=== What to do ===
The required output is the lines below from the line containing "Geschikt Kabel voor" to the line containing "Přívěsek Stříbrný přívěsek", inclusive, retyped exactly. No other lines belong in it.

=== Source material ===
----
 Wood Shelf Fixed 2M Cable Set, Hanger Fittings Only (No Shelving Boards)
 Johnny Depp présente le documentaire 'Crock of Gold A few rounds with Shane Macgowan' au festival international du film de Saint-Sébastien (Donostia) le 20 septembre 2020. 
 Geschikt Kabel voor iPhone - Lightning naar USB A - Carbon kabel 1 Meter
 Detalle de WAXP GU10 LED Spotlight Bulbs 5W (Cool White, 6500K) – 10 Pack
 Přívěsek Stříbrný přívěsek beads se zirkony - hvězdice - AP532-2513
----
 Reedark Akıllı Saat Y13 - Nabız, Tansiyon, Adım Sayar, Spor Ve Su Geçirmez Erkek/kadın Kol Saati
----
=== Exercise result ===
 Geschikt Kabel voor iPhone - Lightning naar USB A - Carbon kabel 1 Meter
 Detalle de WAXP GU10 LED Spotlight Bulbs 5W (Cool White, 6500K) – 10 Pack
 Přívěsek Stříbrný přívěsek beads se zirkony - hvězdice - AP532-2513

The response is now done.